DATA FOR THIS TASK:
______
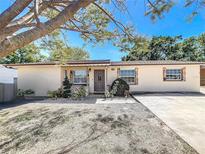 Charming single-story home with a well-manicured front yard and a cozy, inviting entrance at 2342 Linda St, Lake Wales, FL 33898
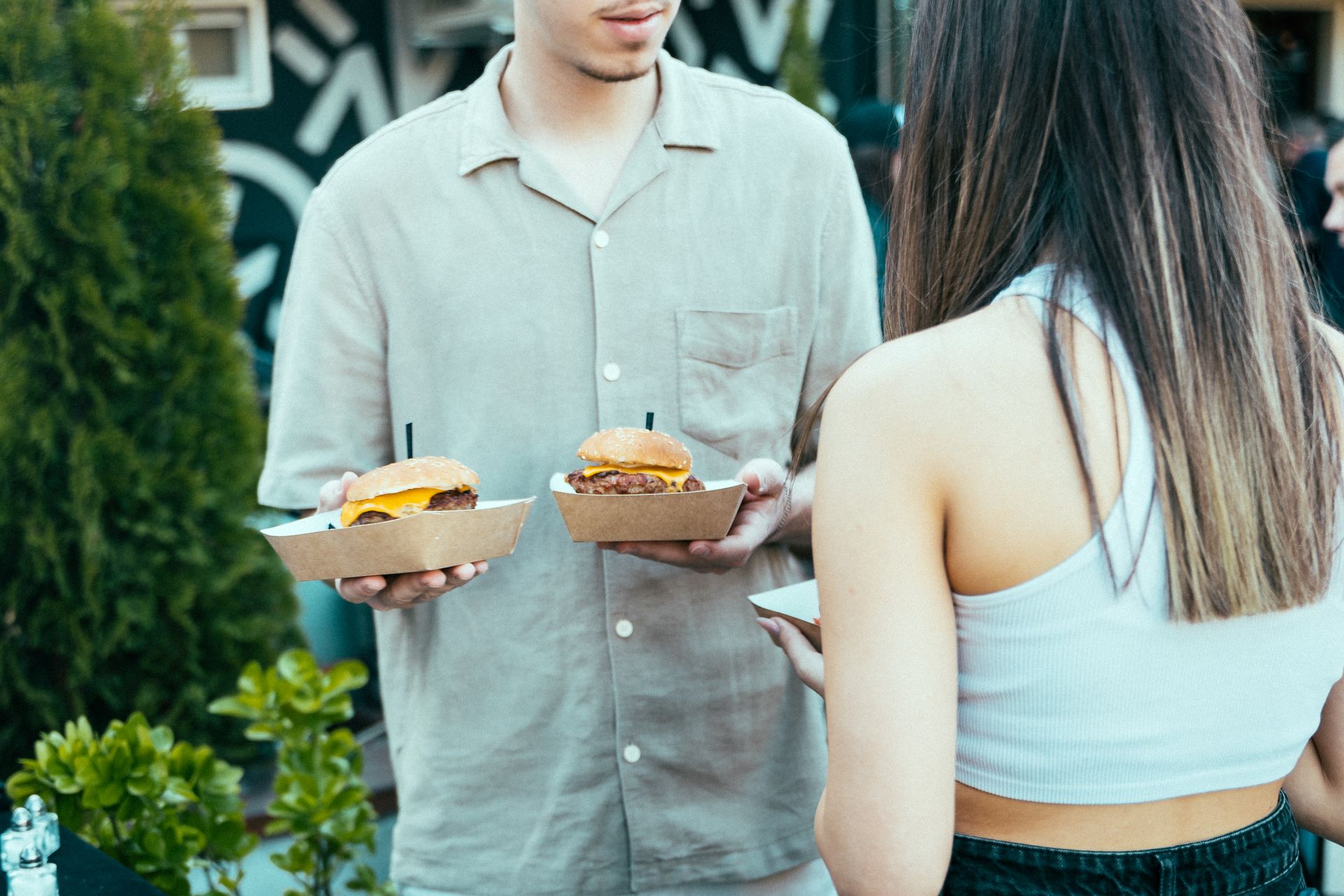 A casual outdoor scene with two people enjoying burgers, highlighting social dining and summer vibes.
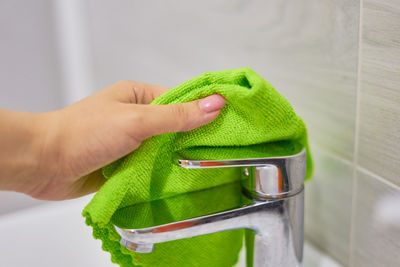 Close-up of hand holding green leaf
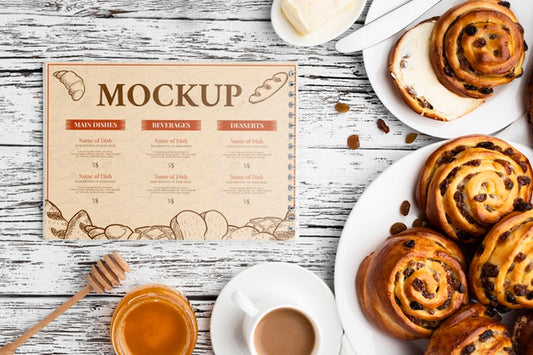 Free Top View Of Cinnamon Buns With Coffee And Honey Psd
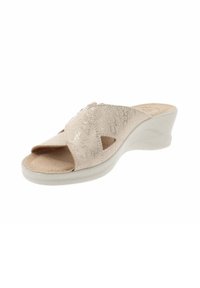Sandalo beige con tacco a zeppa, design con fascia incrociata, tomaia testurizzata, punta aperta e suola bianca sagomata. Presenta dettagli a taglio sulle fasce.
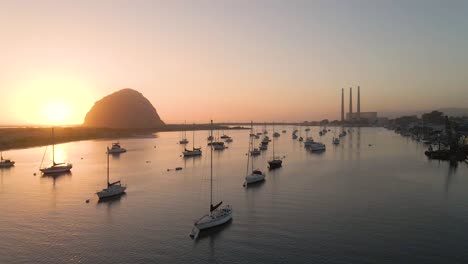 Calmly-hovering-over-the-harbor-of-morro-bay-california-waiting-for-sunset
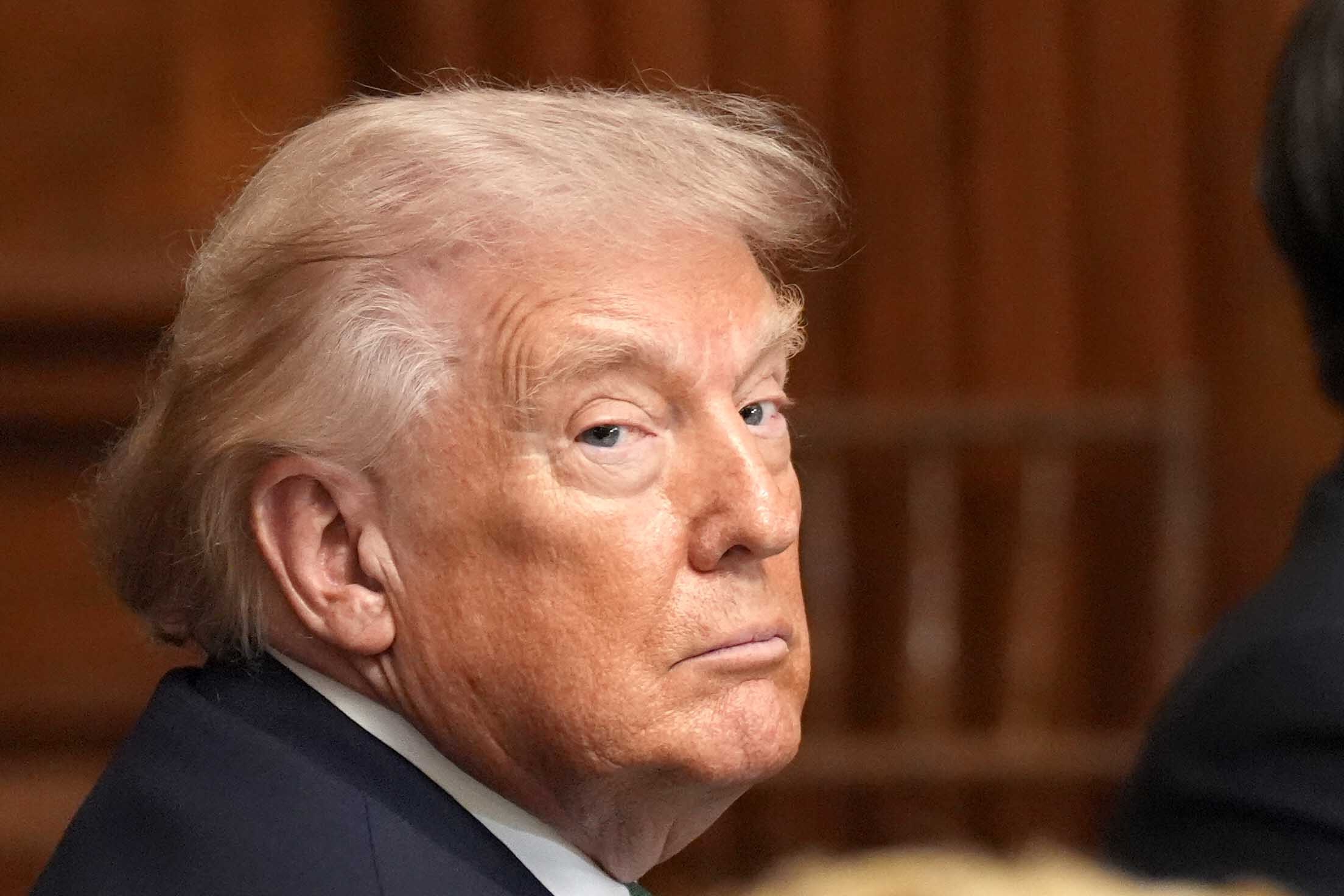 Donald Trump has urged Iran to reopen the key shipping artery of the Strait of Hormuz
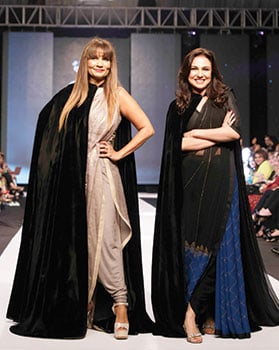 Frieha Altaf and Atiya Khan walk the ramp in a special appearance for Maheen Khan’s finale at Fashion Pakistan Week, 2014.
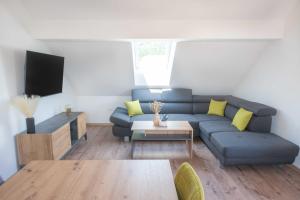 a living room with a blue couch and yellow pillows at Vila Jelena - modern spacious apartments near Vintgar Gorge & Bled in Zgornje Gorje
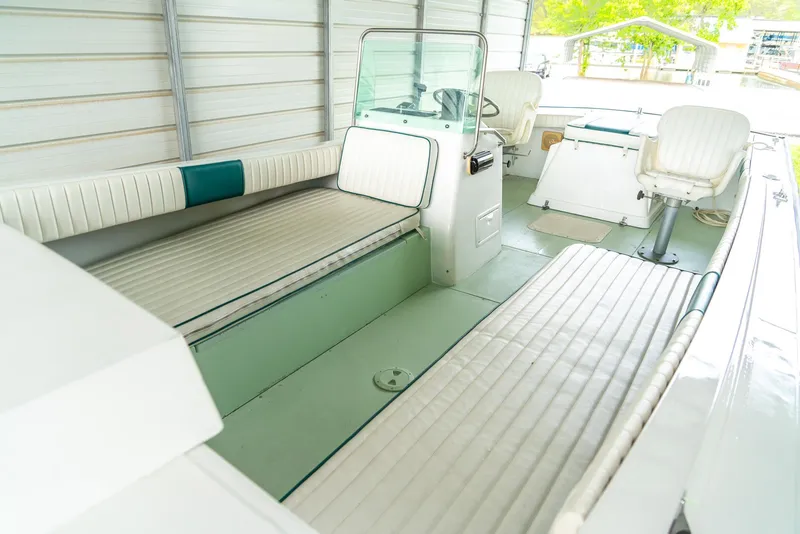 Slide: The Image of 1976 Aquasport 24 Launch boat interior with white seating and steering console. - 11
______
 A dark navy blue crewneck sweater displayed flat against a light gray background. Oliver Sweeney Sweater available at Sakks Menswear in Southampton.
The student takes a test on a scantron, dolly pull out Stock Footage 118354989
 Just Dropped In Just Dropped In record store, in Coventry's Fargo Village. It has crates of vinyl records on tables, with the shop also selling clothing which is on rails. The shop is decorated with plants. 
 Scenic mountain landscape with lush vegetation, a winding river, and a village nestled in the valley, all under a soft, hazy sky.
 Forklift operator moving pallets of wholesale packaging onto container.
______
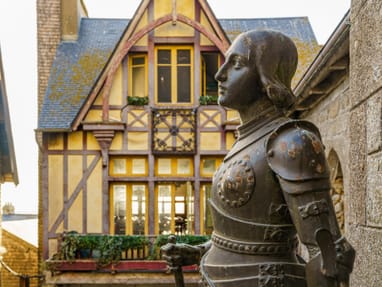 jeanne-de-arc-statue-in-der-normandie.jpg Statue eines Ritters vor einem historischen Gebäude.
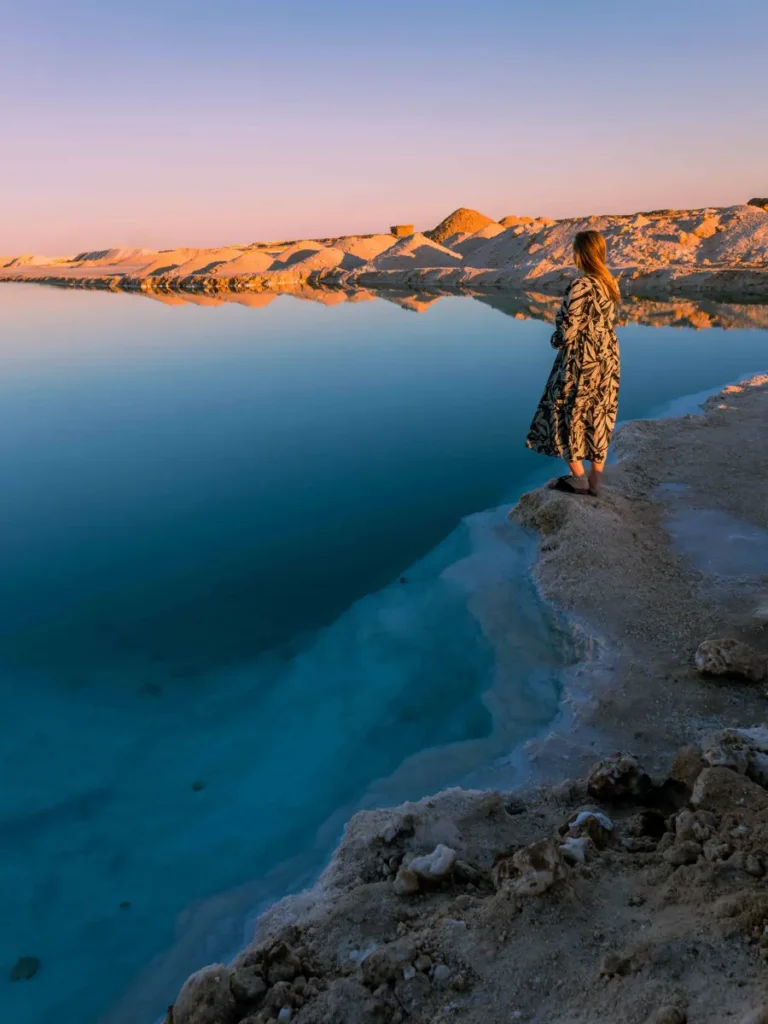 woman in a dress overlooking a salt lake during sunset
______
WHAT YOU WILL DO: Print an exact copy of the lines above, from the one containing "Charming single-story home" through the one containing "Slide: The Image", and leave out the pictures.

ANSWER BOX:
 Charming single-story home with a well-manicured front yard and a cozy, inviting entrance at 2342 Linda St, Lake Wales, FL 33898
 A casual outdoor scene with two people enjoying burgers, highlighting social dining and summer vibes.
 Close-up of hand holding green leaf
 Free Top View Of Cinnamon Buns With Coffee And Honey Psd
Sandalo beige con tacco a zeppa, design con fascia incrociata, tomaia testurizzata, punta aperta e suola bianca sagomata. Presenta dettagli a taglio sulle fasce.
 Calmly-hovering-over-the-harbor-of-morro-bay-california-waiting-for-sunset
 Donald Trump has urged Iran to reopen the key shipping artery of the Strait of Hormuz
 Frieha Altaf and Atiya Khan walk the ramp in a special appearance for Maheen Khan’s finale at Fashion Pakistan Week, 2014.
 a living room with a blue couch and yellow pillows at Vila Jelena - modern spacious apartments near Vintgar Gorge & Bled in Zgornje Gorje
 Slide: The Image of 1976 Aquasport 24 Launch boat interior with white seating and steering console. - 11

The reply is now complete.